Phase 2:Installation of the 26 lifting fittings, the lowering through the pre-inserted tubes in the barge hull and connecting of 26 sets of lifting cables, each comprising 54 strands of seven twisted wires each 6mm diameter and the raising of the Kursk using Mammoet’s strand jack system. The cables would then hold the Kursk against a pre-fitted inverted cradle under the barge during transit to a floating dock near Murmansk.

Phase 3:The fitting of two large pontoons, one under each side of the barge, to lift it entirely out of the water to give sufficient clearance of the underslung Kursk over the cradles when entering the floating dock, the lowering of the Kursk onto the cradles, followed by demobilization and withdrawal of all M-S equipment and personnel.

Severing the remains of № 1 compartment deployed a heavy cable carrying thick-walled tubular sections coated with a very coarse (~25mm) abrasive. Reciprocating motion was to be provided by two 30 tonne hydraulic rams attached by suction anchors to the seabed.

The strand jack system relies on two collets on each strand, the upper collets being hydraulically lifted/lowered as a cable group. Additional hydraulics activate the collets under computer control, the timing of the collet activation determining whether the strands are raised or lowered.

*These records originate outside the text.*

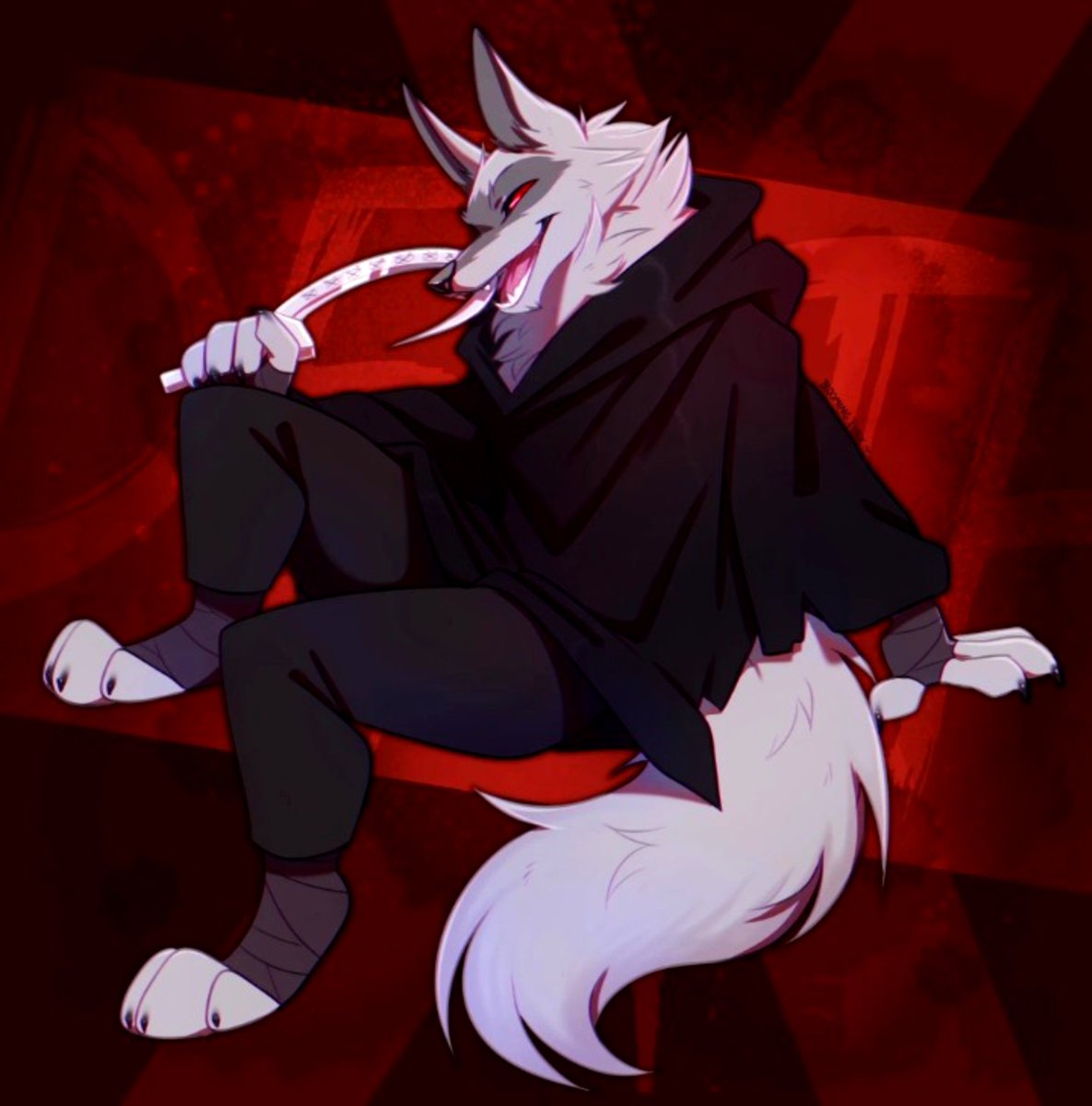 PrinceWolf56's tweet photo. The Wolf O'Donnell art is by @cottonnotton 

This two absolutely be friends in the future https://t.co/UHhmsuBoHA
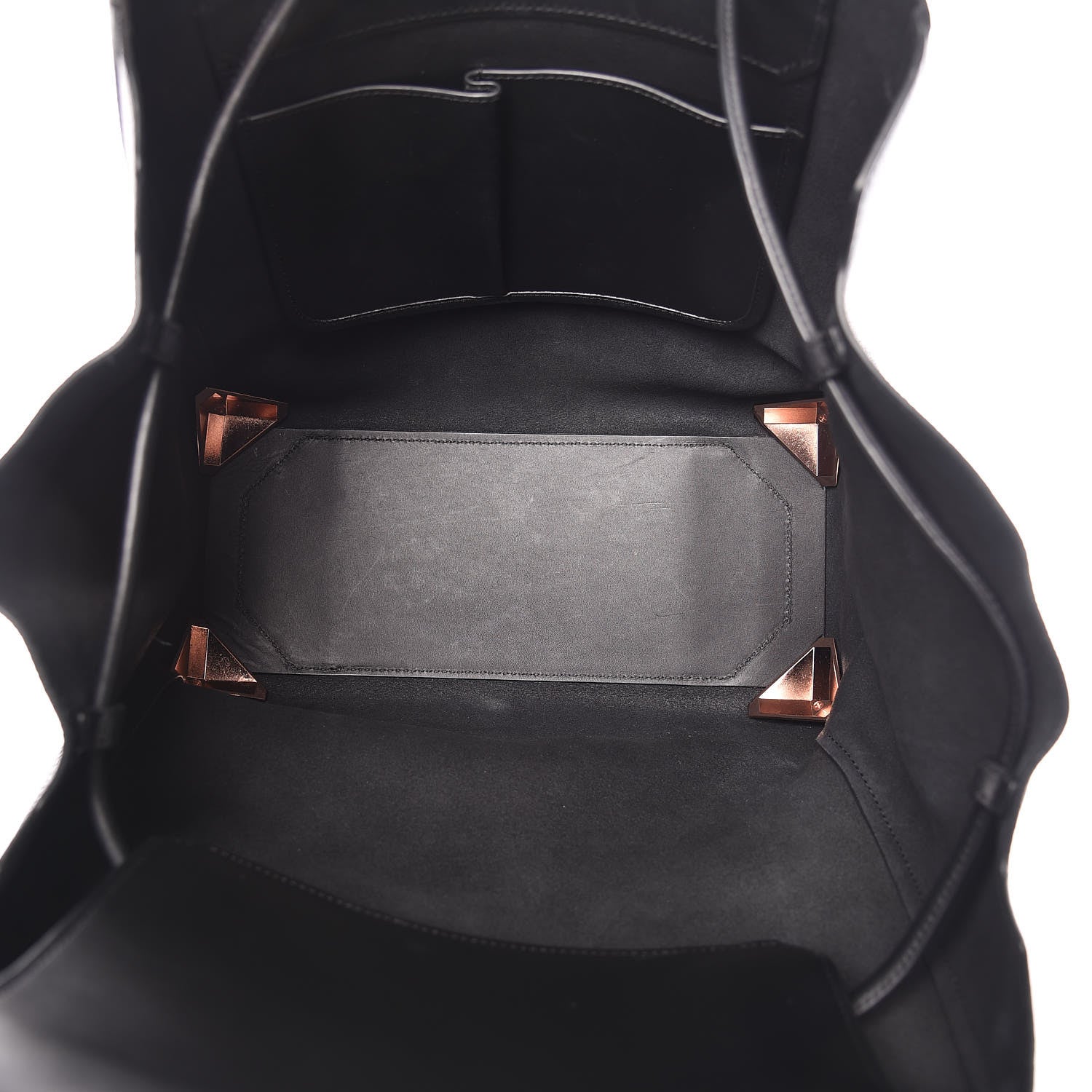 Alexander Wang Pebbled Calfskin Large Prisma Skeletal Tote Black Rose Gold Hardware 6 of 13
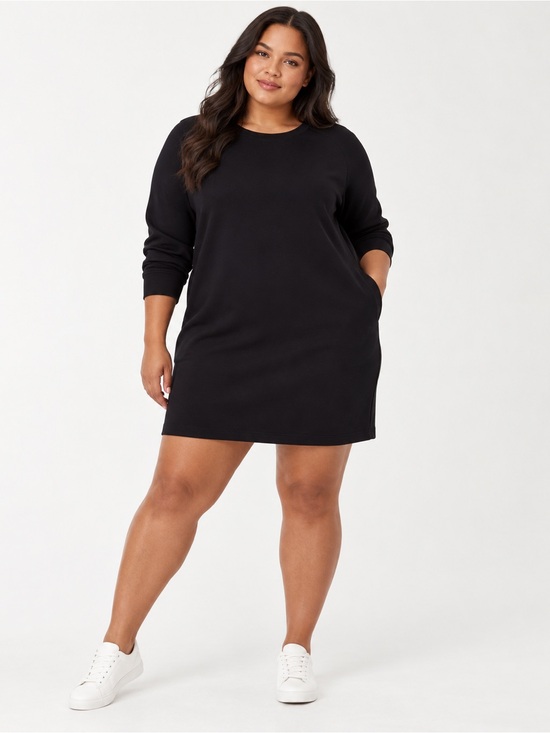 SPANX Dresses & Skirts - Spanx AirEssentials Crew Neck Dress black air essentials long sleeve size 2X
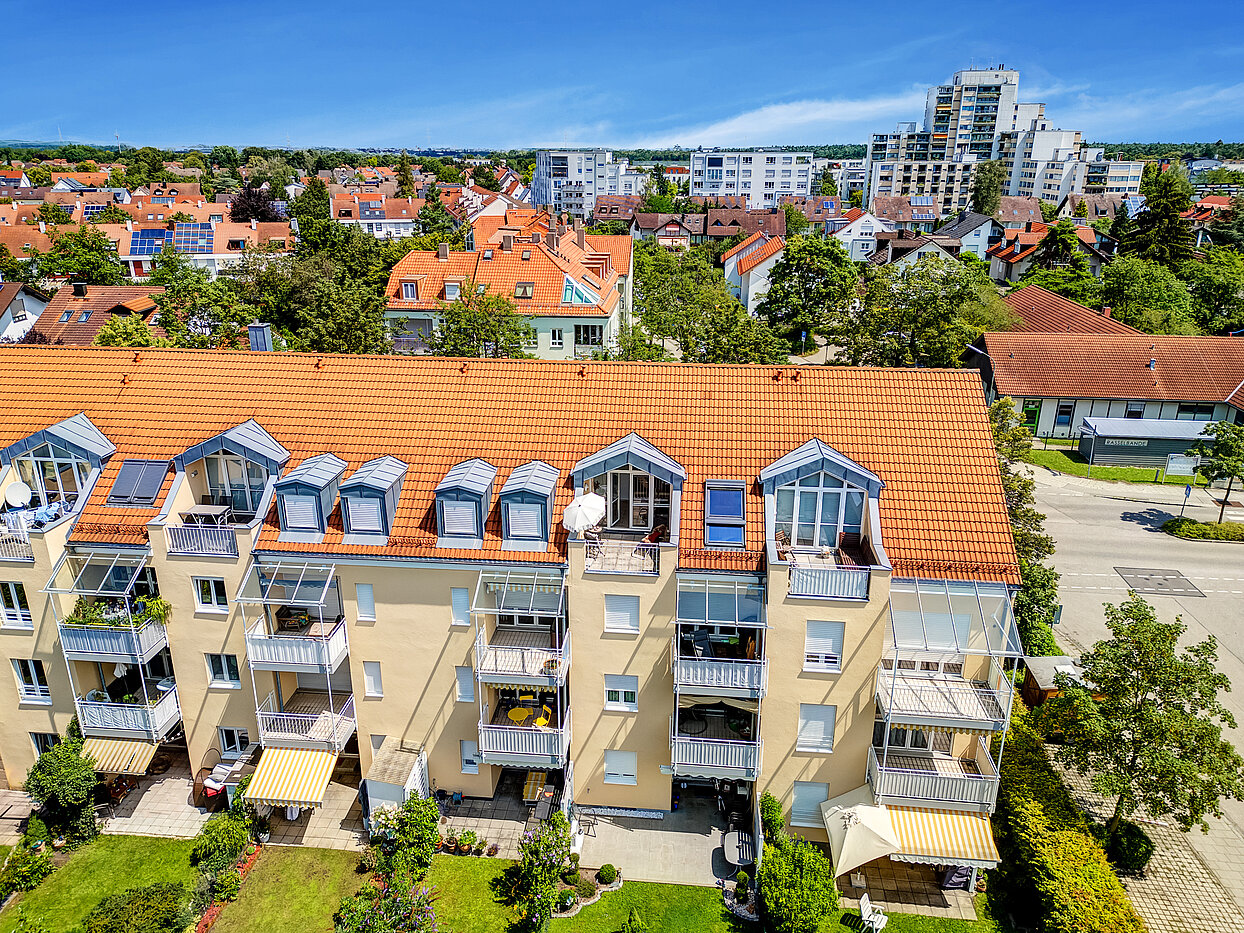 多层公寓 与 2 房间 | Unterschleißheim | 70138 | Gartenansicht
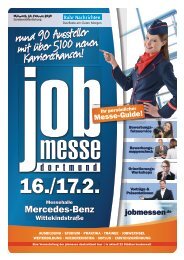 Der Messe-Guide zur 11. jobmesse dortmund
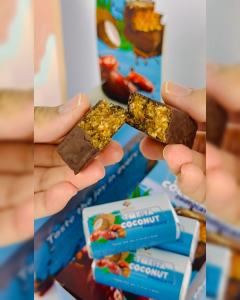 [READY STOCK] Tmriya COCONUT Chocolate Healthy Bar– High Fiber Healthy Snack 🍫 Chocolate Joy You Can Feel Good About! 🍫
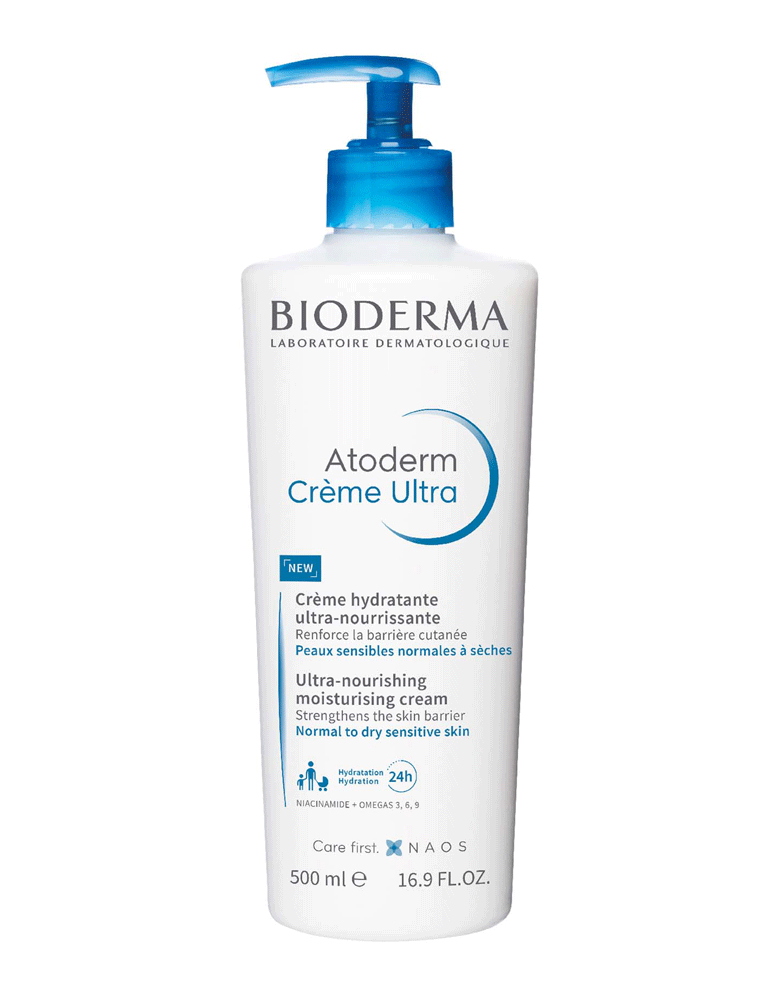 Bioderma Atoderm Cream Ultra Moisturiser for Dry Skin 500Ml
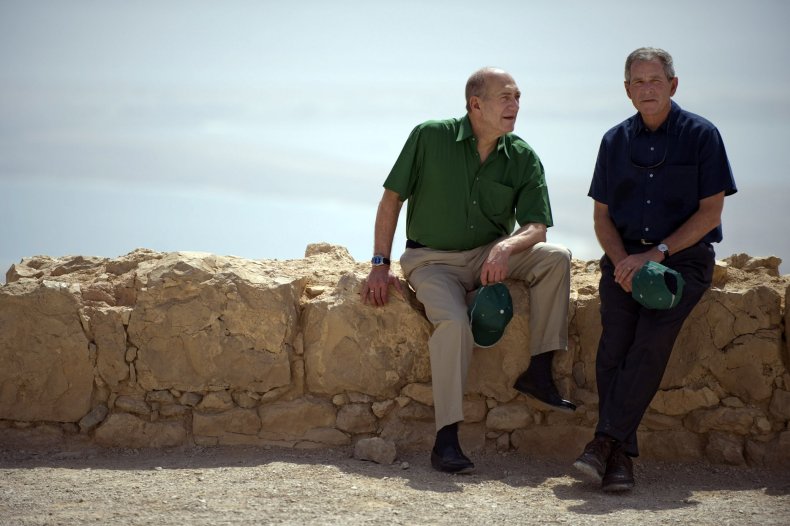 George Bush at Masada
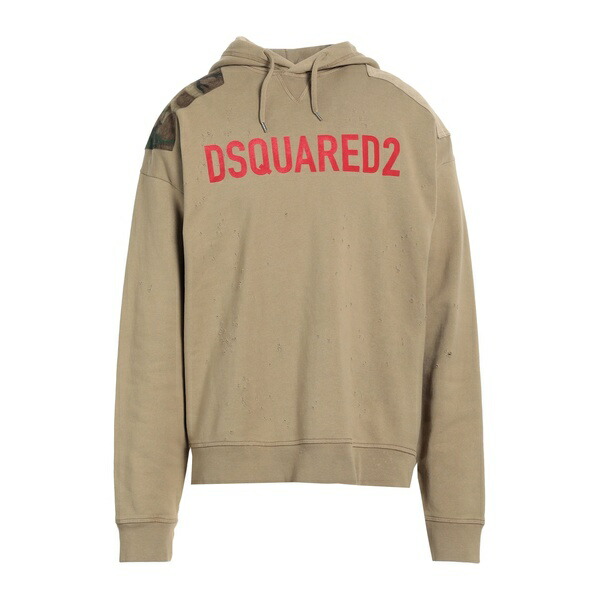 【送料無料】 ディースクエアード メンズ パーカー・スウェットシャツ アウター Sweatshirts Green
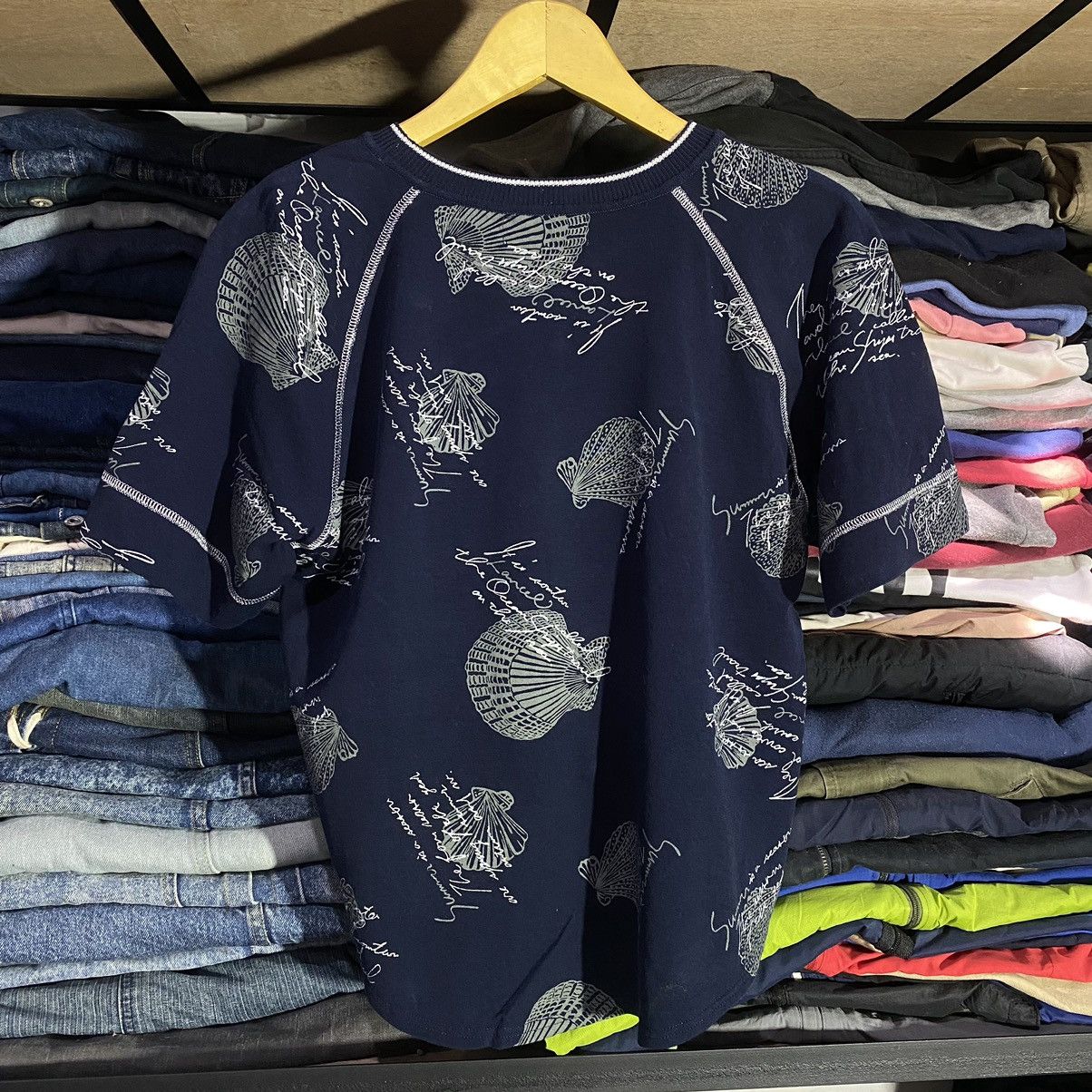 Lancel LANCEL ALLOVER SHORT SLEEVES Size L / US 10 / IT 46 - 2 Thumbnail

Each cable lifting system was to be supported by four pneumatic cylinders with 4m strokes and with a large nitrogen gas reservoir, the pressure being matched to the cable load so that large movements due to swell (within the cylinder stroke limits) would have minimal effect on the cable loads.

In early June, Large & Associates were engaged by M-S to complete a preliminary assessment of the nuclear hazard and held a number of meetings with RUBIN to discuss and determine the information and data likely to be made available from the RF authorities with respect to radiation and nuclear safety issues. On the basis of this information, Large & Associates was instructed to form and head up the Nuclear Coordinating Group (NCG).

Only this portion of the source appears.